* **REQUIRED ACTION**
From the material below, copy exactly the lines beginning with the one that contains "ГДЗ Фізика 11 клас сторінка 6" and ending with the one that contains "2020 Honda Accord"; the pictures stay out.

* **MATERIAL PROVIDED**
☆ ☆ ☆ ☆ ☆ ☆ ☆

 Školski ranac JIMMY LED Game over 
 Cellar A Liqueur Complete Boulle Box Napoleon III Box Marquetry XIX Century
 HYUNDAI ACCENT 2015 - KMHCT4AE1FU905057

☆ ☆ ☆ ☆ ☆ ☆ ☆

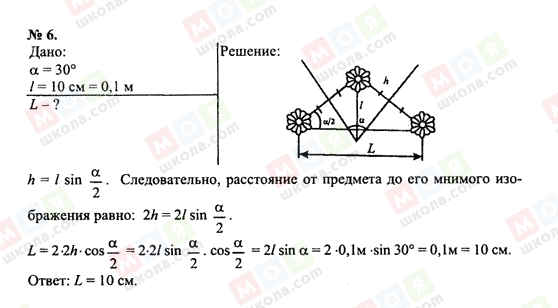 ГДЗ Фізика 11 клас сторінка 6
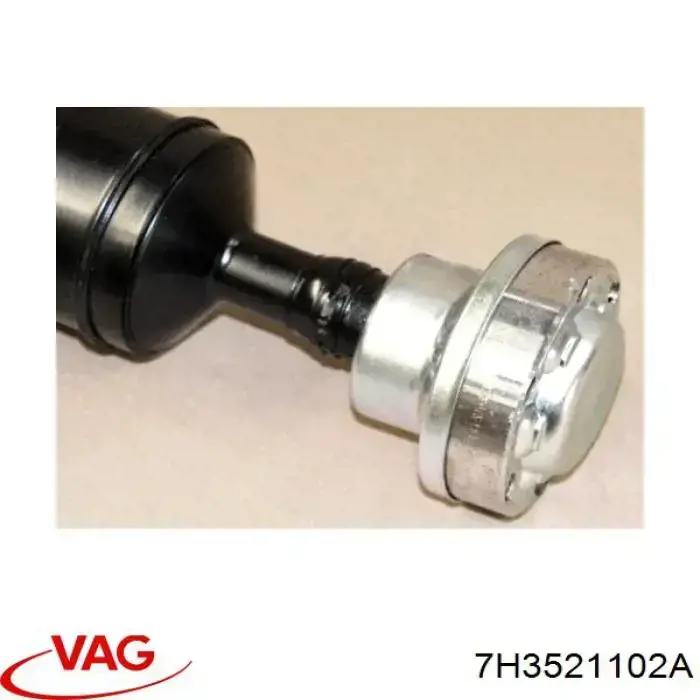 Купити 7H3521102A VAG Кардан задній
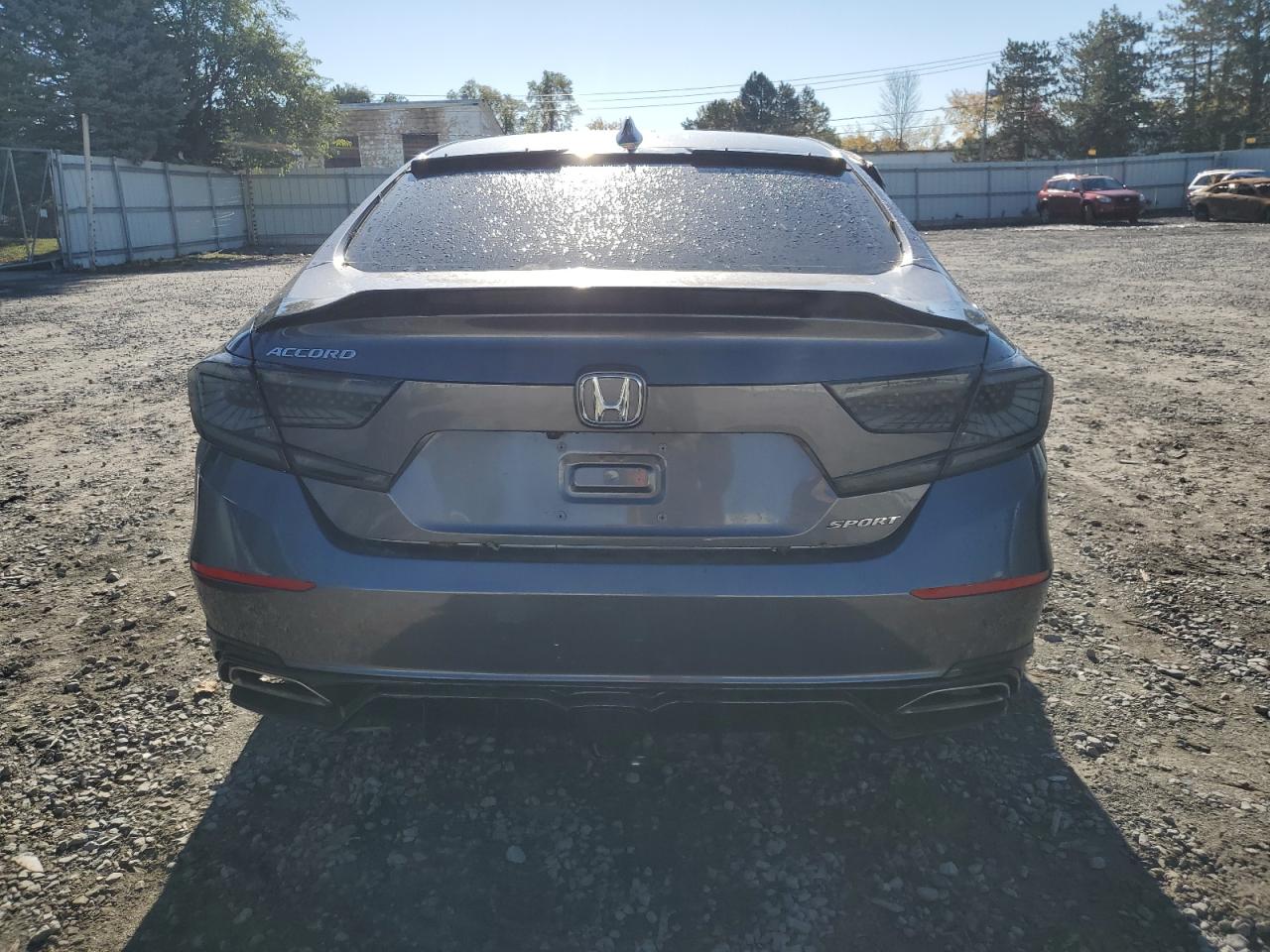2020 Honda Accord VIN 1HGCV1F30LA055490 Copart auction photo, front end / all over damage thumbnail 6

☆ ☆ ☆ ☆ ☆ ☆ ☆

* **EXPECTED ANSWER**
 ГДЗ Фізика 11 клас сторінка 6
 Купити 7H3521102A VAG Кардан задній
2020 Honda Accord VIN 1HGCV1F30LA055490 Copart auction photo, front end / all over damage thumbnail 6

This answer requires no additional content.